San Francisco: at least 3 hours @ 8,000 cars per hour.

To those of you who intended to participate but got sidetracked, don’t worry. Labor Day weekend was just an arbitrary timeframe: my legal dept. assures me that our First Amendment rights are valid 24/7, 365 days a year. Of course with everything running so smoothly in our nation right now, it might be tough to think of anything to say, but maybe you can say something about how tired you are from all this winning.

Los Angeles: duration unknown.

Marin Co.: No attachment necessary — just squeezed into the space

Downtown LA, 9,000 cph: duration unknown. Only took about six minutes to trace and paint this sign - I’ll probably be doing a lot more.

Can’t help thinking the Dreamers could use a shout out or two. I’m sure there’s plenty who’d like to do it themselves, but I can’t blame them for wanting to keep a low-profile. Technically speaking I guess they don’t really have First Amendment rights like you and I do.
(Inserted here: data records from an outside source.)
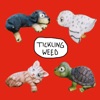 Tickling Weed - Single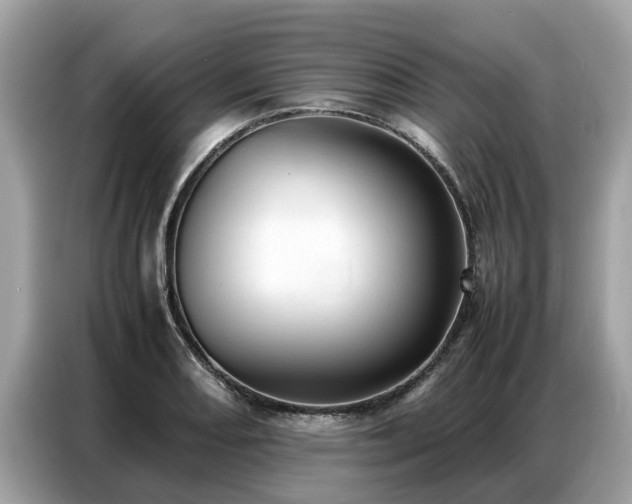 X0000087361082200704271433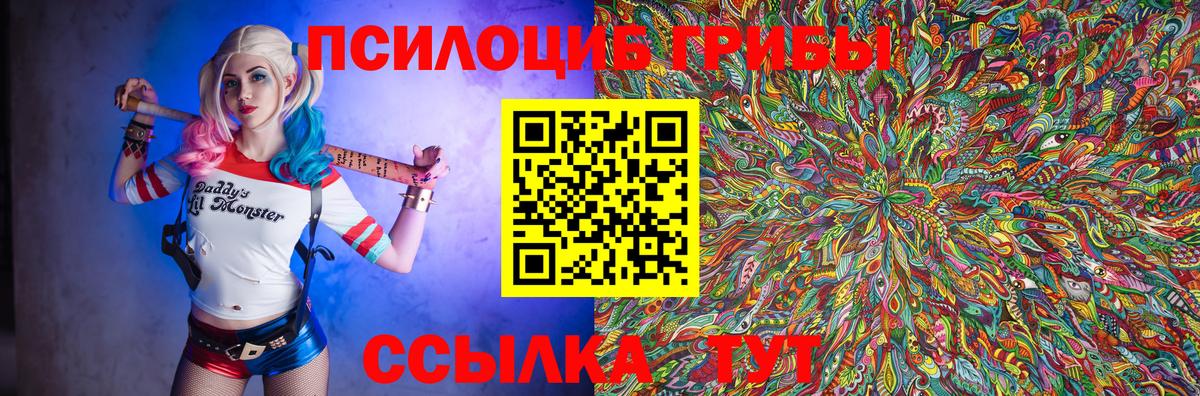 Ишим  Галлюциногенные грибы Psilocybine cubensis  Вход с VPN  Галлюциногенные грибы Cubensis 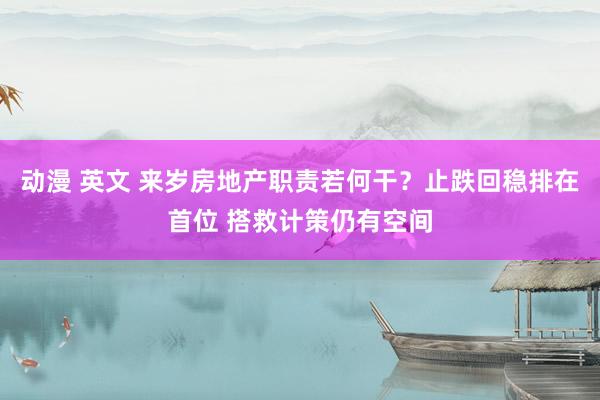 动漫 英文 来岁房地产职责若何干？止跌回稳排在首位 搭救计策仍有空间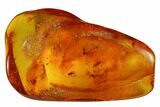 Four Fossil Flies (Diptera) In Baltic Amber #173646-1
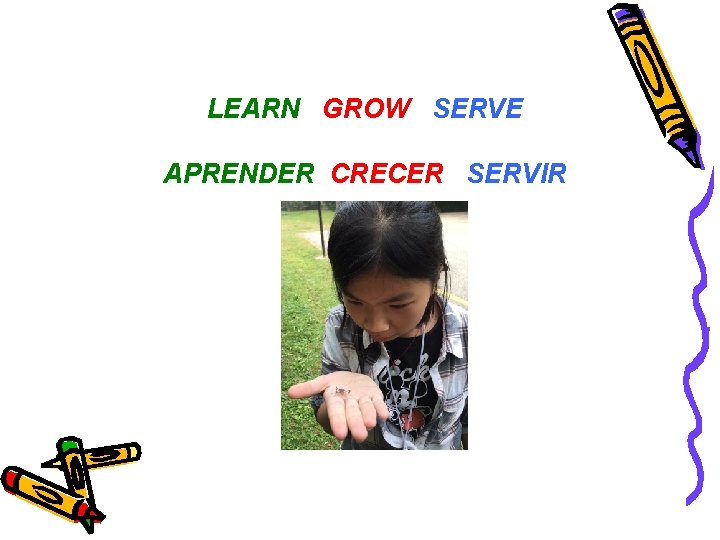 LEARN GROW SERVE APRENDER CRECER SERVIR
Or not anymore.

Brought here illegally by their parents, these scofflaw toddlers feel like they have a right to stay here because it’s the only country they’ve ever known. They say there’s about 800,000 of them, but there’s probably more. Call it a million. Only really a third of one percent of the population… and yet the entire heart and soul of the nation hinges on what happens to them. Politics sure is funny…

Had this up less than two hours after thinking of it. Up for at least two days over the Santa Monica Fwy. May even still be there.
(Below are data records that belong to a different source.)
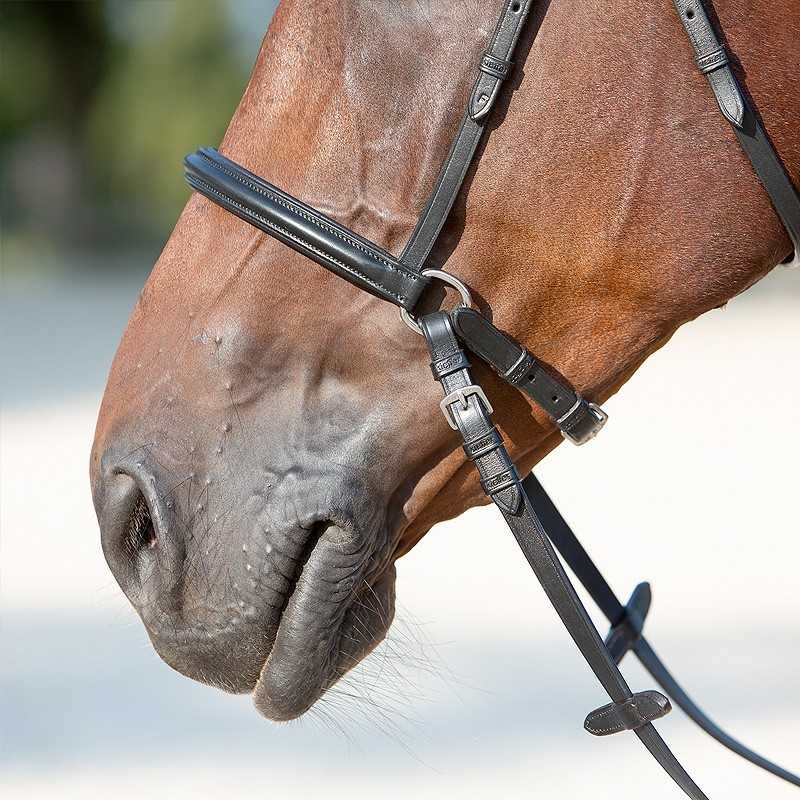 Cabeçada Kieffer bitless bridle Ultrasoft Kendra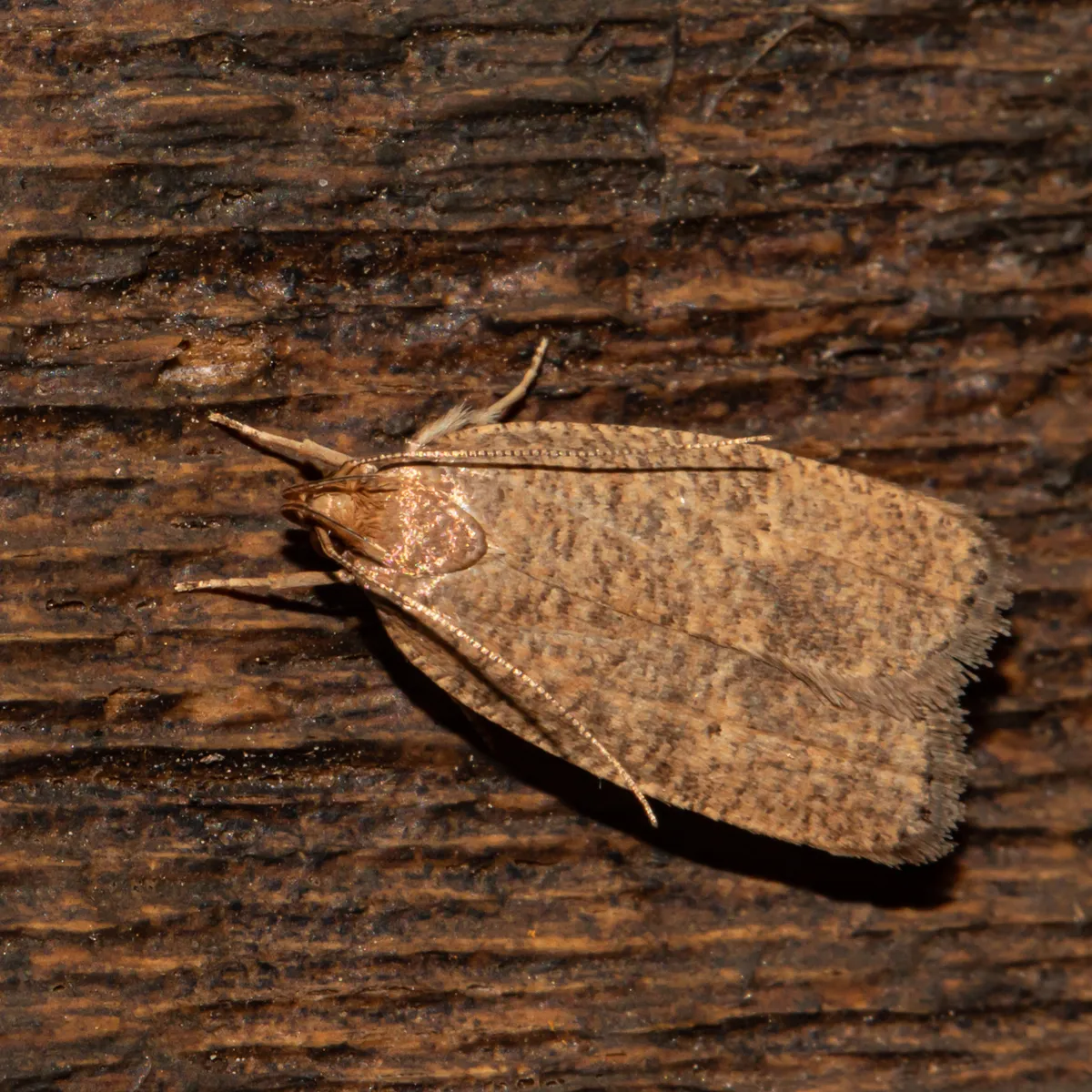 Dotted Leaftier Moth - photo 3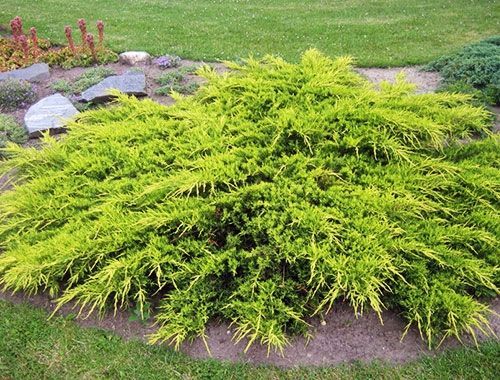 Jalovec prostřední OLD GOLD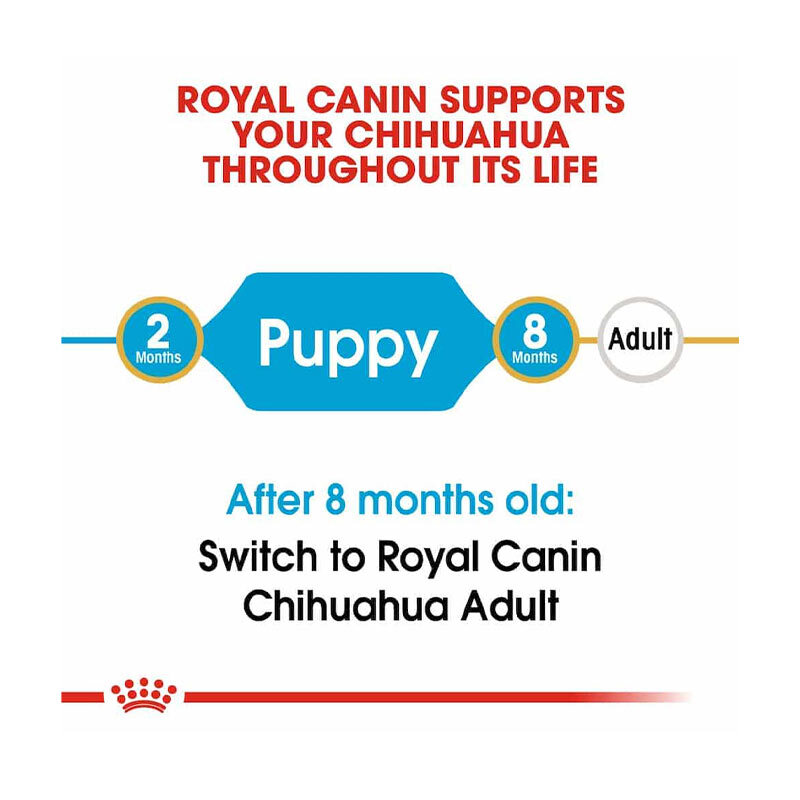  تصویر توضیحات غذای خشک توله سگ نژاد شیواوا رویال کنین Royal Canin Chihuahua Puppy وزن 1.5 کیلوگرم 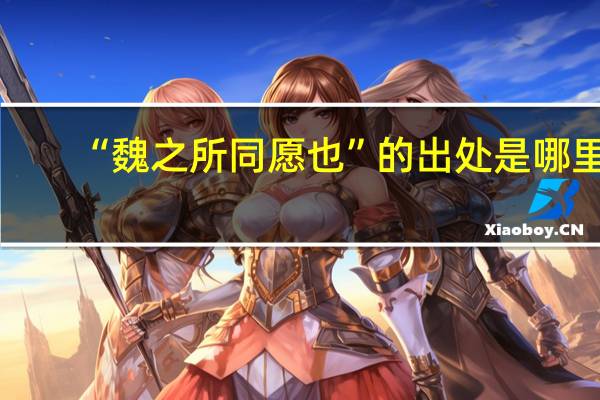 “魏之所同愿也”的出处是哪里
Sacramento: squeezed in between rail and fencing.

Oakland

University Ave. Berkeley: My favorite bay area overpass. Park at the Seabreeze Deli, walk 300 feet or so, drop the signs in the slot, and walk away. Take pix from the pedestrian overcrossing.

Backside of sign below.

Fencing on hillside by Thurgood Marshall HS next to elevated section of 280. 

The above sign is a perfect example of the point I’m trying to make. Fencing on hillsides by elevated freeways or flyaway ramps are practically impossible to get to from where they can be seen, but relatively easy for the sign poster once they’ve figured out how to get there to begin with. To reach this particular spot from traffic you have to drive about  three miles before you can exit, backtrack three miles and then figure out which of some half-dozen dead-end streets will get you to the fence. Then you have to climb a hill and walk a few hundred feet to actually reach it physically. Signs I put up here generally stay up for weeks, even months. If you can find a spot like this where you live, a few minutes of effort will give you practically a constant voice.

“Him” held over from a previous “Lock him up.” sign mentioned here.

San Fernando Valley — Jesus sign to the right.

Dear Jesus People, I know you mean well, but your signs are a goddam menace. Using letters two or three inches tall forces people to slow down to read them and putting them on the outside of the fencing allows them to blow into traffic if they come loose. You could easily end up killing someone before they have time to repent, which is precisely the sort of thing that’ll buy you a one-way ticket to the Lake of Fire. 

Next to I-405 in Torrance: 25 feet from traffic, 7 miles if you want to get to it.

San Francisco next to the 280: pretty much the same deal as the Thurgood Marshall High School fence.

I think one of the biggest stumbling blocks we’re facing here at Freewayblogger is the fear that signposting on freeways is against the law. Let me assure you that it is. Even here in California, signs visible from freeways are subject to all sorts of rules and require all kinds of permission. Technically speaking, so does putting up a flag. Of course, there’s a bit of a paradox there, because the moment I have to ask the state’s permission in any way, that’s the moment it stops being “Free Speech” and becomes “government sanctioned speech.” So like the outlaw flag-posters, I figure I’ll just to go ahead and do my thing and if someone wants to arrest me for it, they’re perfectly welcome to. That’s how the system works.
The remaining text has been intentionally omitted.